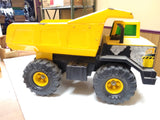 Vintage Mighty Diesel TONKA Construction Dump Truck XMB 975 Pressed Steel Toy #4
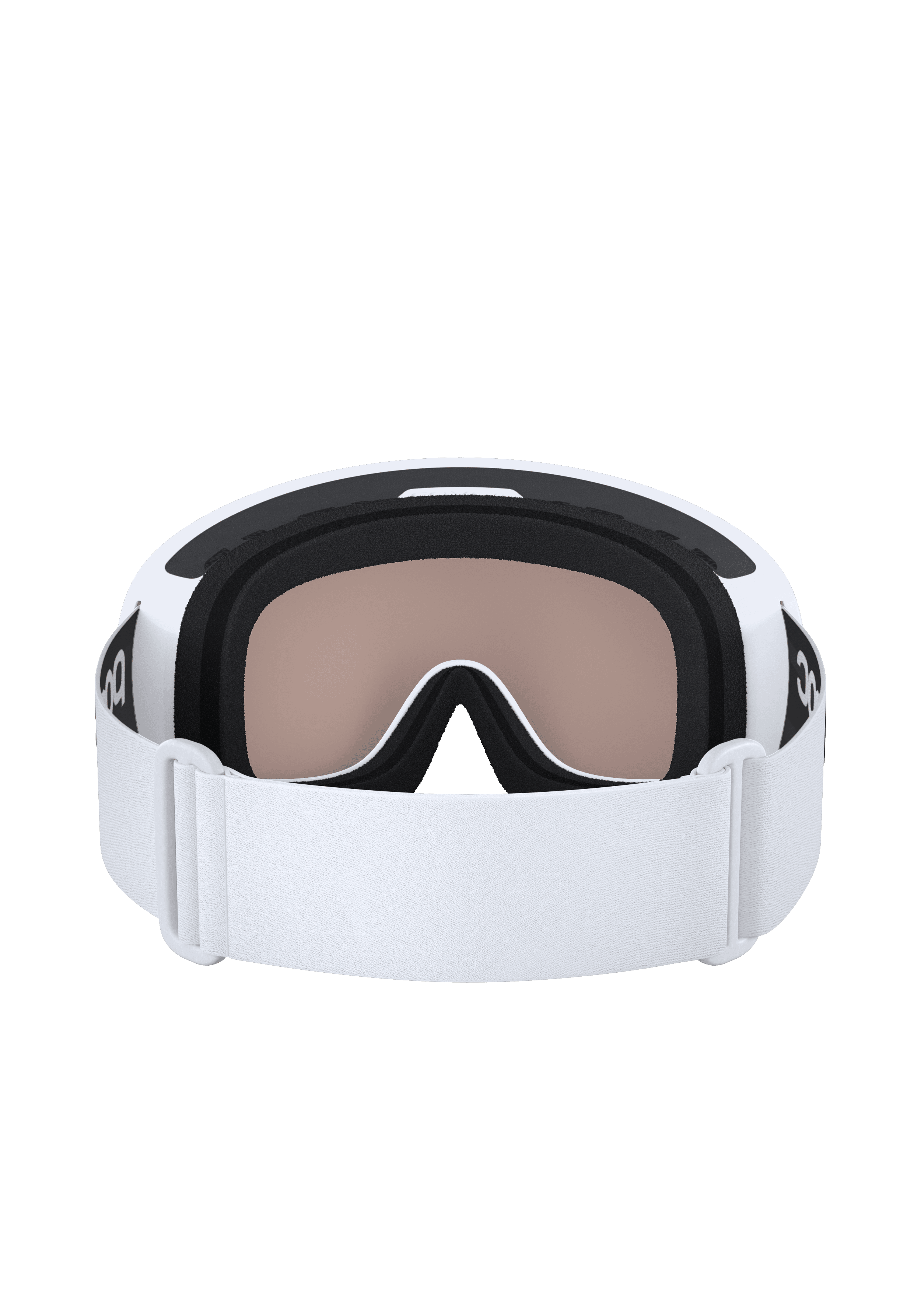 Fovea Photochromic Wide Fit Ski Goggles in Hydrogen White | Ski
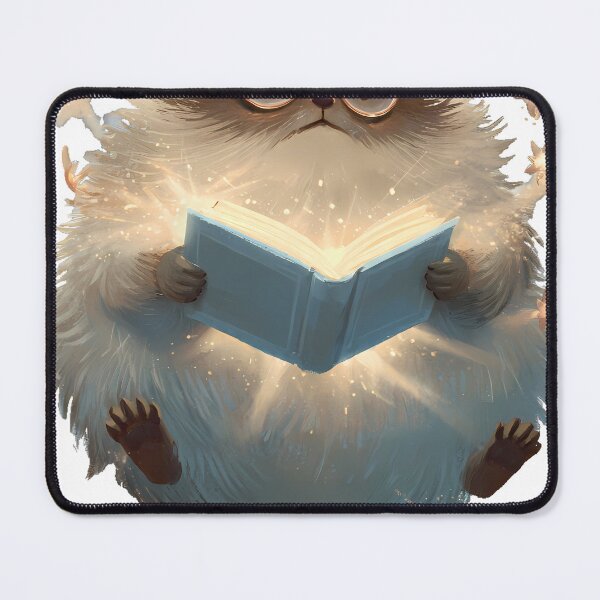 Item preview, Raccoon Moonlit Reading designed and sold by pumsquare.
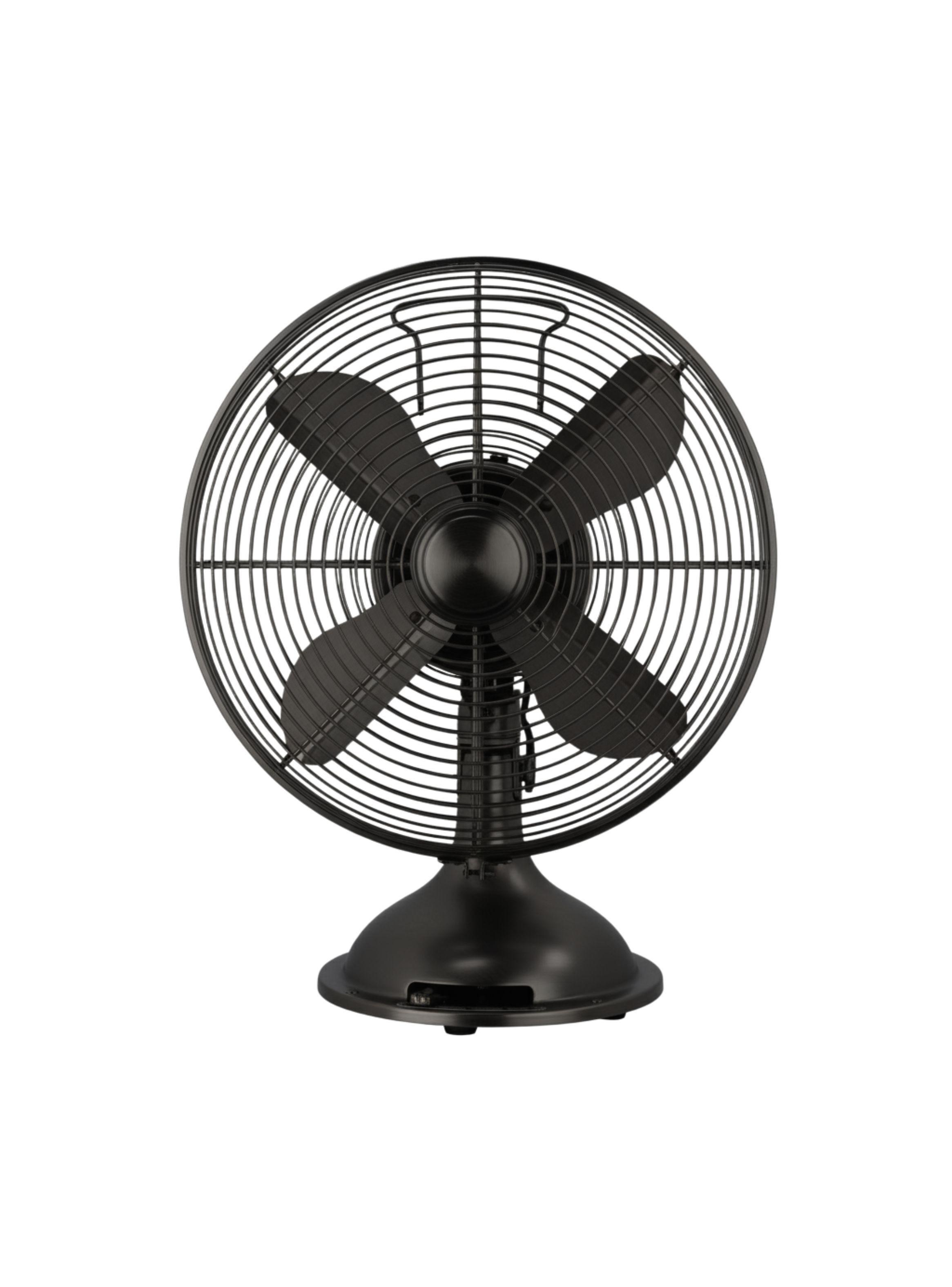 Ventilador de mesa retro Sumo VM30 12" Negro-5
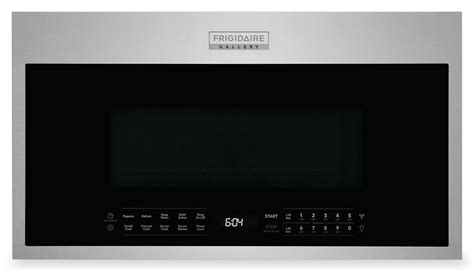 Frigidaire Gallery 1.9 Cu. Ft. Over-the-Range Microwave with Convec ...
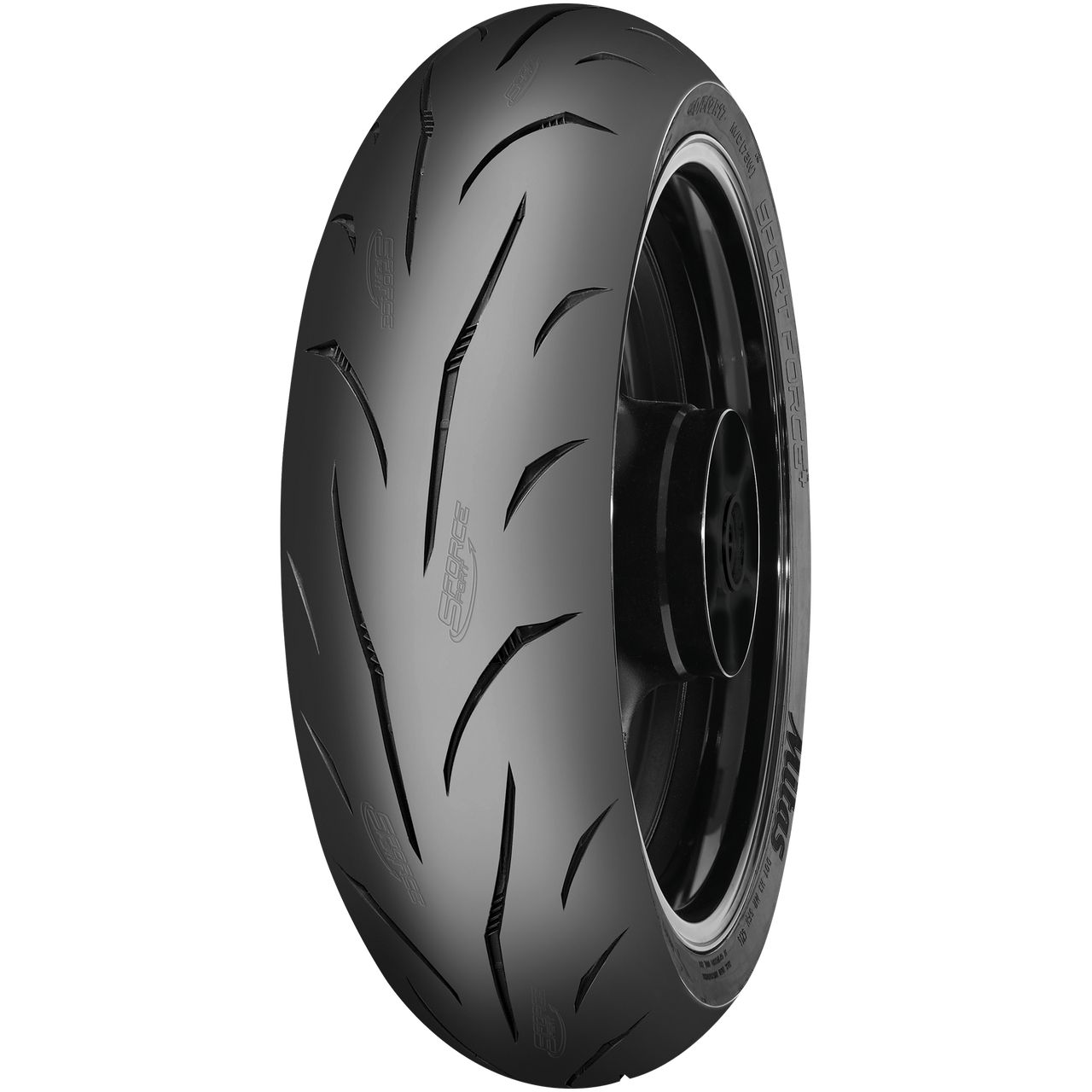 MITAS 150/60 ZR 17 M/C TL (66W) SPORT FORCE+ REAR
__________________________________________________
__Brief__
Return the entries exactly as given. Do not include pictures.

__Problem solution__
 Vintage Mighty Diesel TONKA Construction Dump Truck XMB 975 Pressed Steel Toy #4
 Fovea Photochromic Wide Fit Ski Goggles in Hydrogen White | Ski
 Item preview, Raccoon Moonlit Reading designed and sold by pumsquare.
 Ventilador de mesa retro Sumo VM30 12" Negro-5
 Frigidaire Gallery 1.9 Cu. Ft. Over-the-Range Microwave with Convec ...
 MITAS 150/60 ZR 17 M/C TL (66W) SPORT FORCE+ REAR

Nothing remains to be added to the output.